In my experience, an Enterprise tool (or application) is any app that must run 24x7 or the business falls down. I'm the system admin for two of those at work - our EDI application and the bill of material tool.

The latter is instructive. It must be available 24x7, to users in Malaysia, Nampa, Wisconsin and Scotland [1]. Yet it never has more than forty users logged in at a time. The amount of traffic to/from it's web servers is pitiful. But it absolutely must be available all the time: if team leaders can't get at the bits provided by that app we can't make product.

[1] Global conference calls at my company are fun - it's dueling accent time.

Wed, 07/02/2008 - 21:21 — Rob Loach (not verified)

Lullabots have thoughts on RAD big traffic sites:
http://www.lullabot.com/blog/dooce-20k-comments-24hrs

Thu, 07/03/2008 - 10:01 — deadprogrammer

A) I read Lullafeed just like everybody else in the industry.
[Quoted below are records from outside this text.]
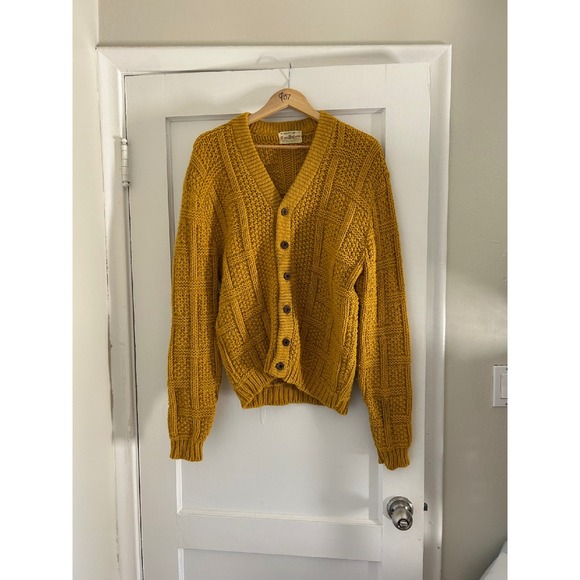 Arrow Womens Cardigan Sweater Size Large Knit Mustard Button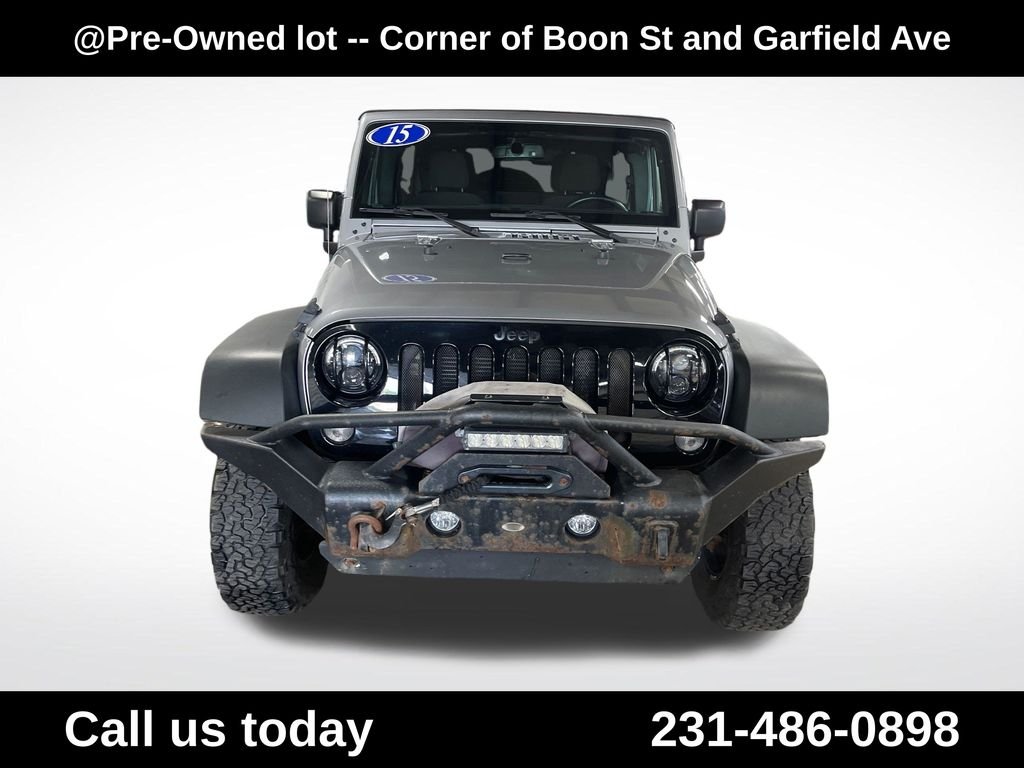 Used 2015 Silver Jeep Unlimited Sport image 8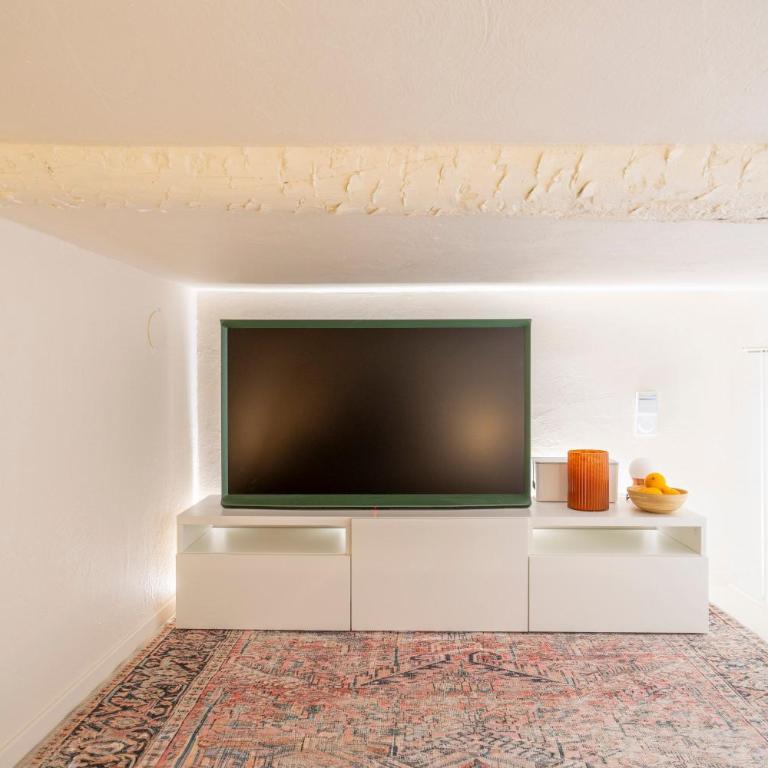 Old Town Studio with Balcony and AC - Beaches and Nightlife - Estudio con balcón - 7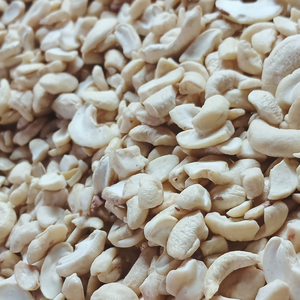 Meilleur prix pour les noix de cajou cassées Kaju SANTIGO, noix de cajou WS LP SP, noix et noyaux, emballage de marque privée - Product Image 1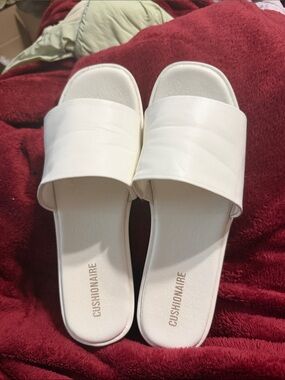 Cushionaire Women’s White Slide Sandals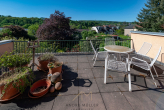 DG-Dachterrasse-Ausblick1.1 - Parkvilla in Bad Kreuznach – Traumgarten, energetisch saniert. Mehrfamilienhaus und Praxis möglich.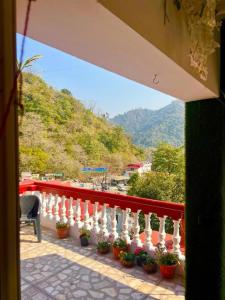 vista su un balcone con piante in vaso di The Sunrise Villa Homestay a Rishikesh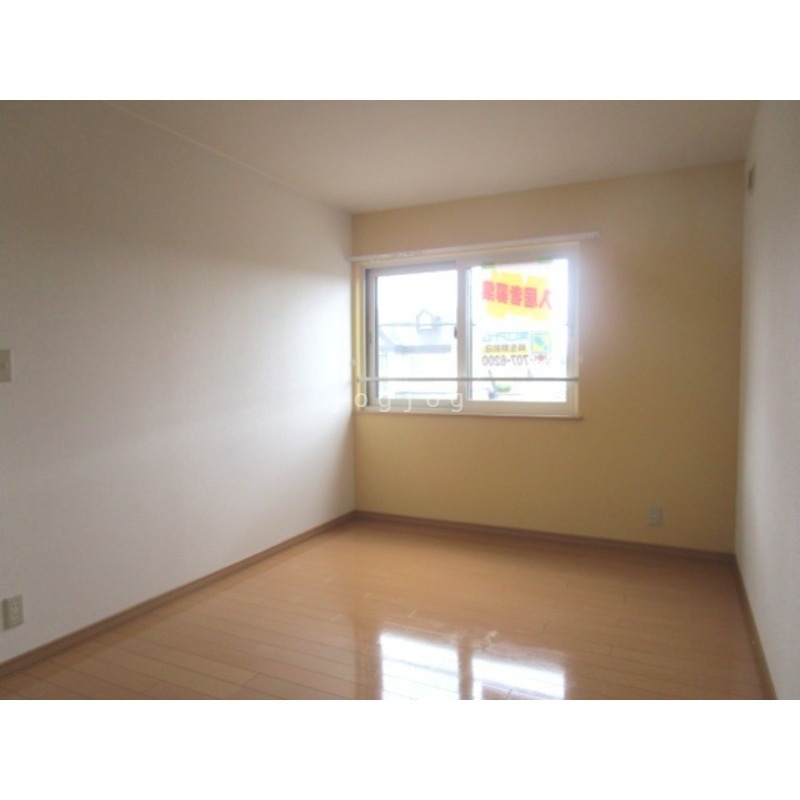 その他部屋・スペース　日当たりの良い明るいお部屋です。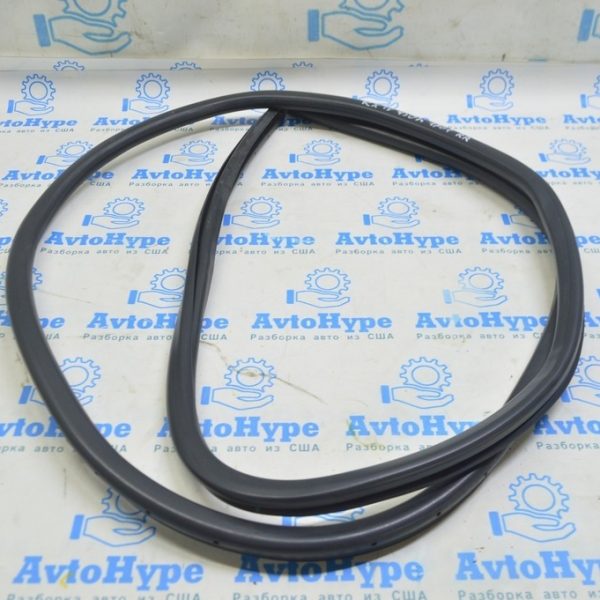 Уплотнитель дверного проема задний правый Lexus RX350 RX450h 16-22 62331-0E070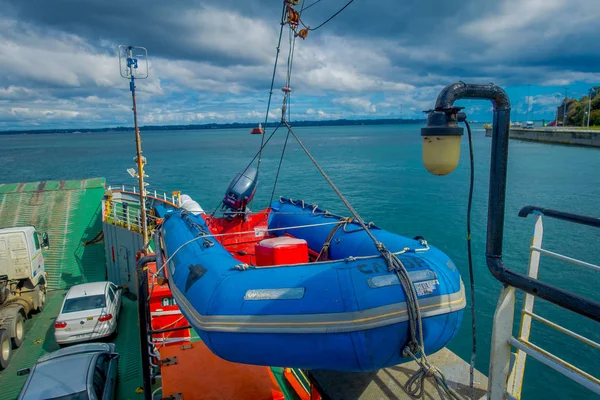 Chiloe, Chile - 27 września 2018 r.: Z bliska transportu wody wewnątrz promu w chilijskich lądu na wyspie Chiloe — Zdjęcie stockowe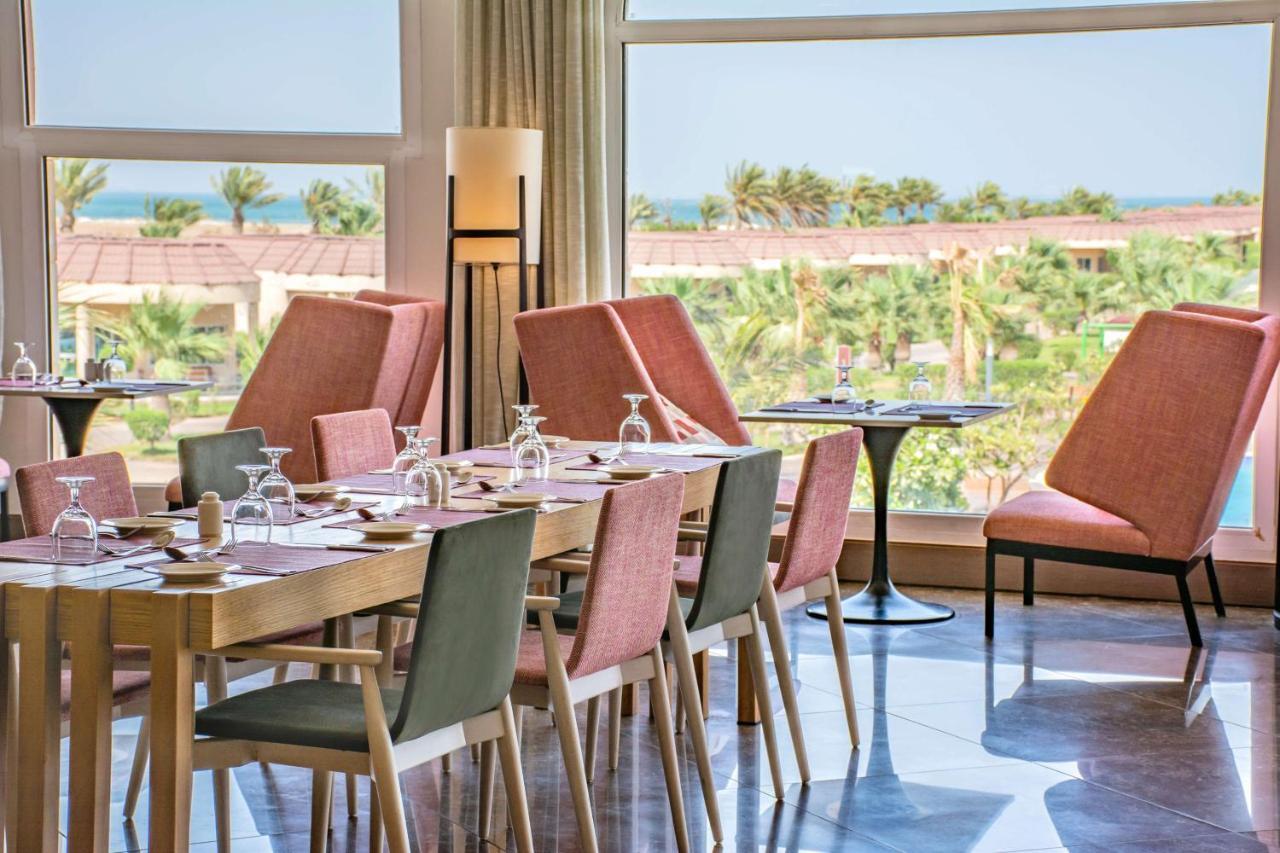 Radisson Blu Resort, Al Khobar Half Moon Bay Exterior foto The restaurant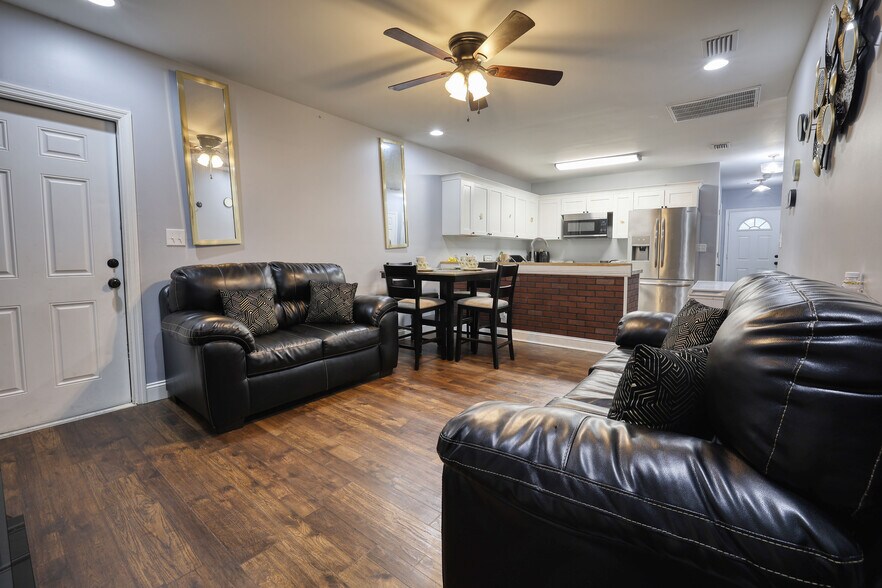 More Photos Of 503 Kornegay St, Dothan Apartments For Sale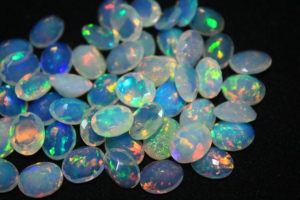 Piedra preciosa de ópalo etíope facetado de 8*10 mm, forma ovalada, cabujón, calidad súper fina para suministro de joyería. - Product Image 4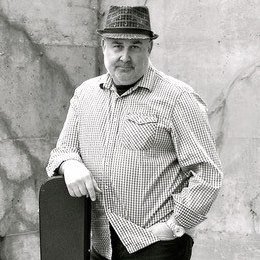 AlStafford49's profile picture. Arena voice @edmontonoilers, Vocals/guitar/sax @radiotragedy4. Lover of single malts, @rushtheband, & fine guitars.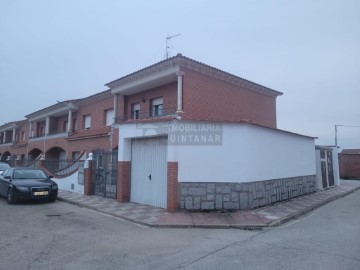 Moradia 5 Quartos em La Puebla de Almoradiel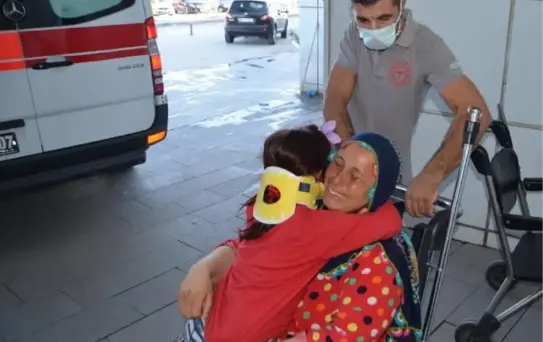 HAFİF TİCARİ ARAÇ İLE OTOMOBİL ÇARPIŞTI: 7 YARALI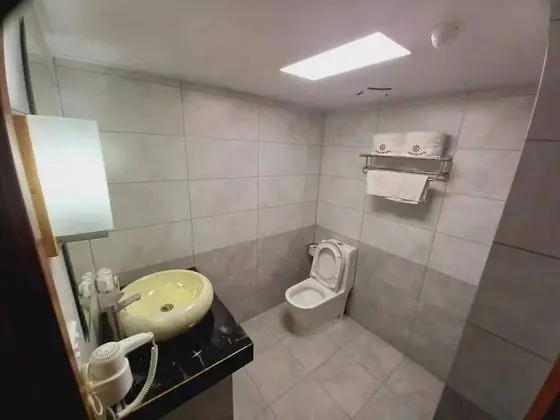 Standard Oda, 1 En Büyük (King) Boy Yatak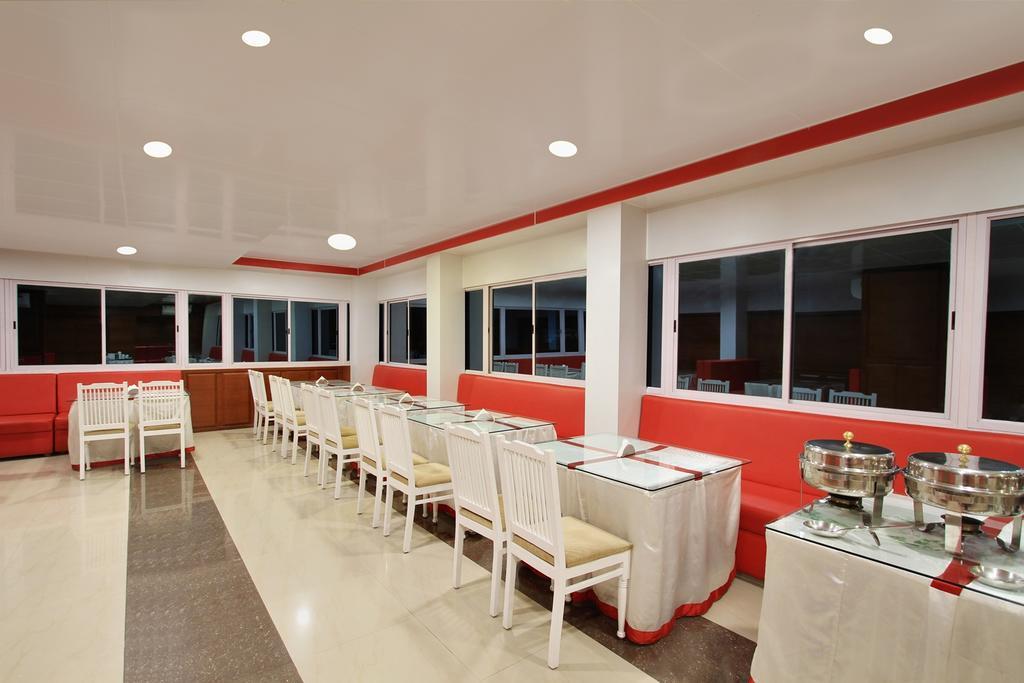Hotel Mb International Májszúr Kültér fotó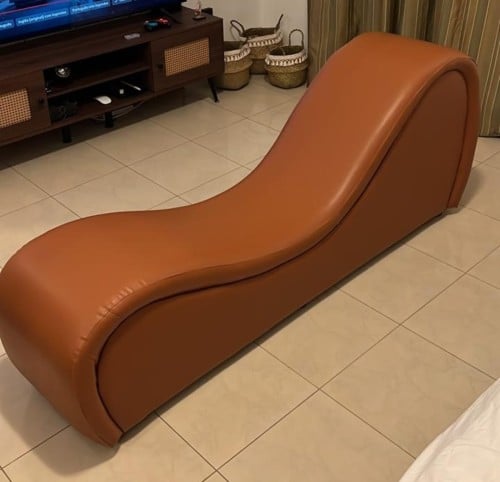 أريكة استرخاء ورومانسية جلد/ يمكنك طلب لون أخر عن...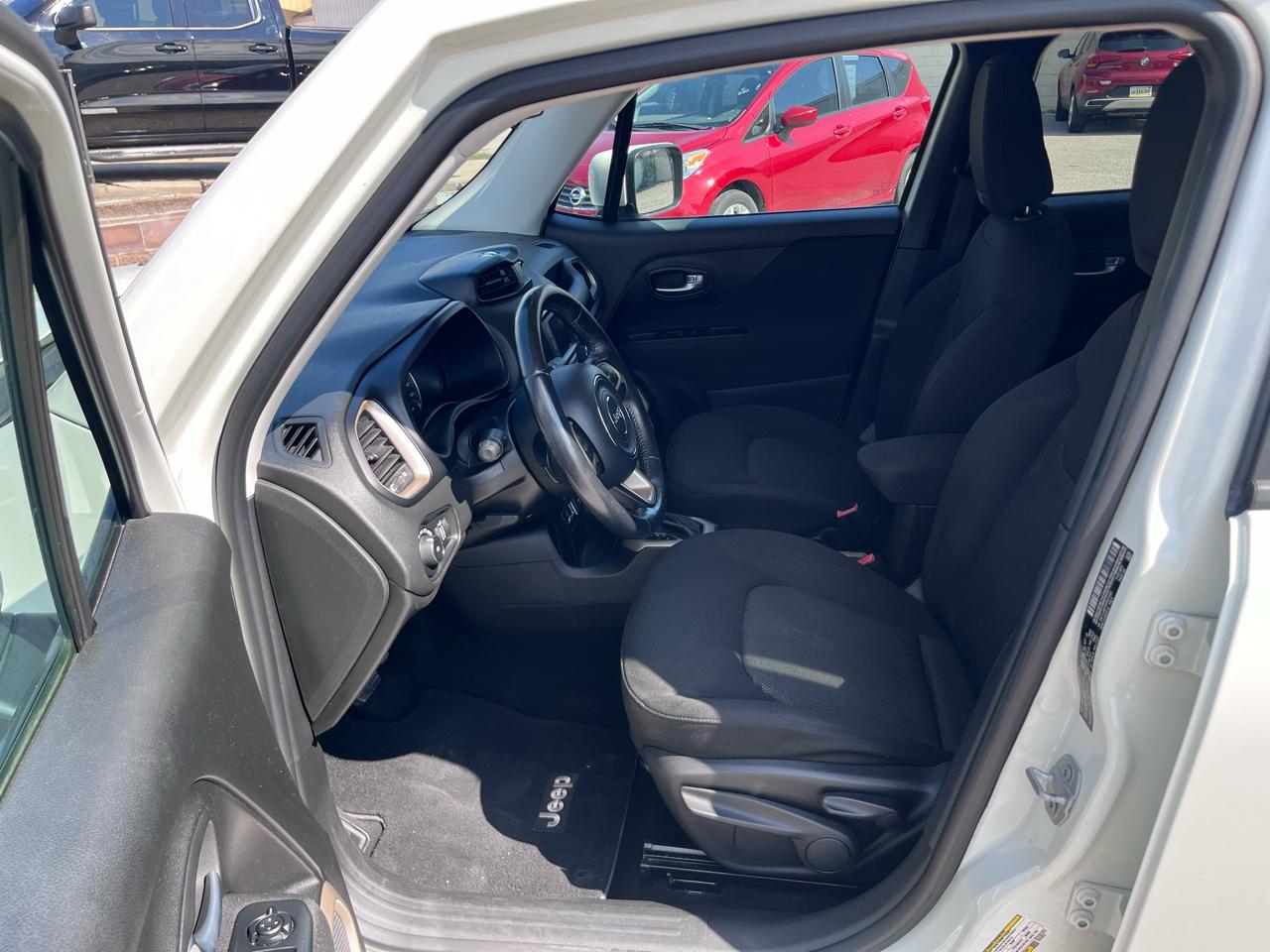 Jeep Renegade Latitude FWD 2015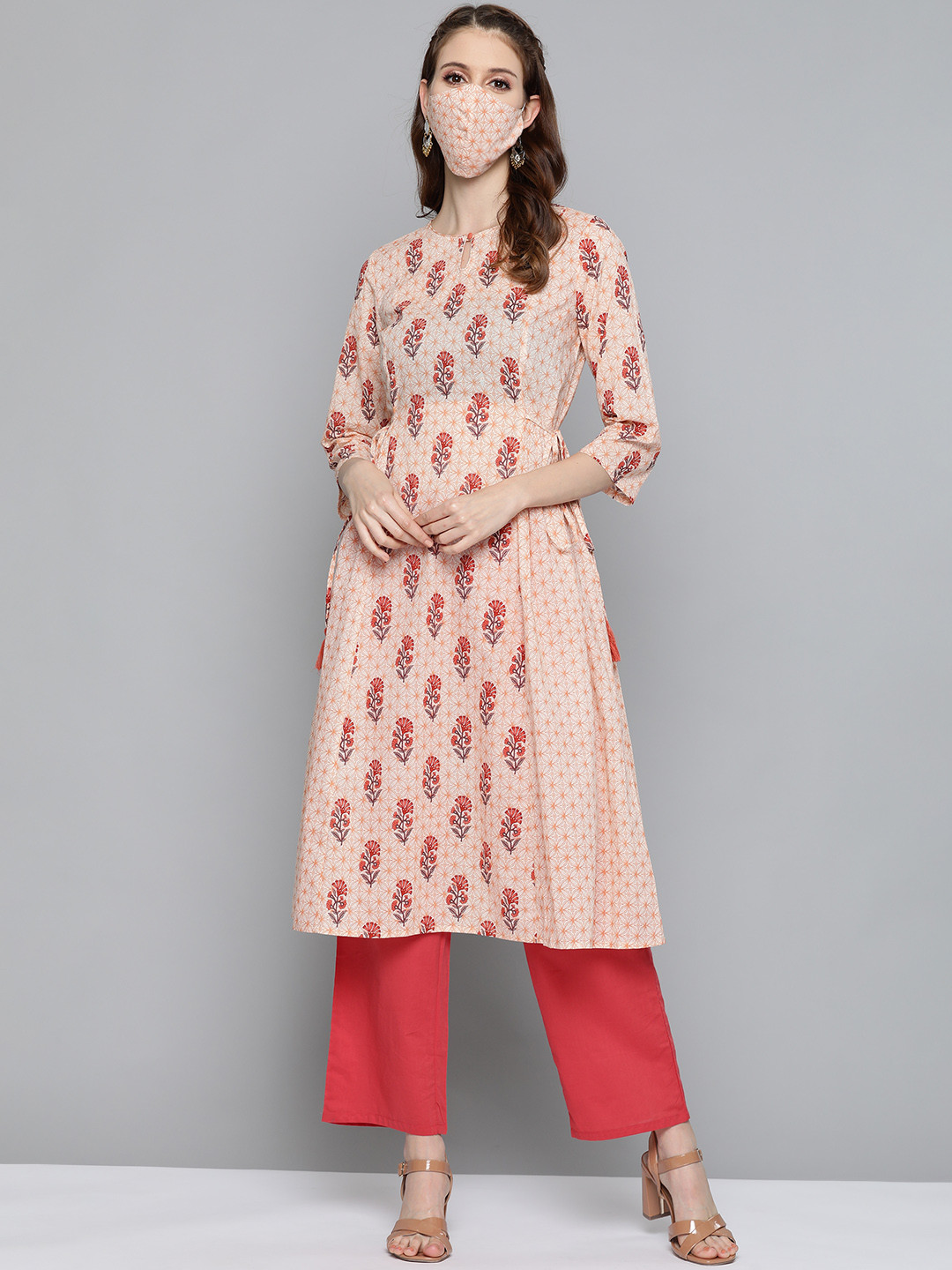 

HERE&NOW Women White Peach-Coloured Printed A-Line Kurta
B) How's this even relevant to my article?

Drupal core and certain modules are rock solid and beat the pants off of other CMSes cough-Wordpress-cough hands down, especially when you are building a blog. Even the shitty Views and CCK combo is not a huge problem when your site is that straightforward. I still would not use them for something that might get Dooce-level traffic.

I say - Dooce the unnecessary abstraction and you'll be much happier. It's for amateurs.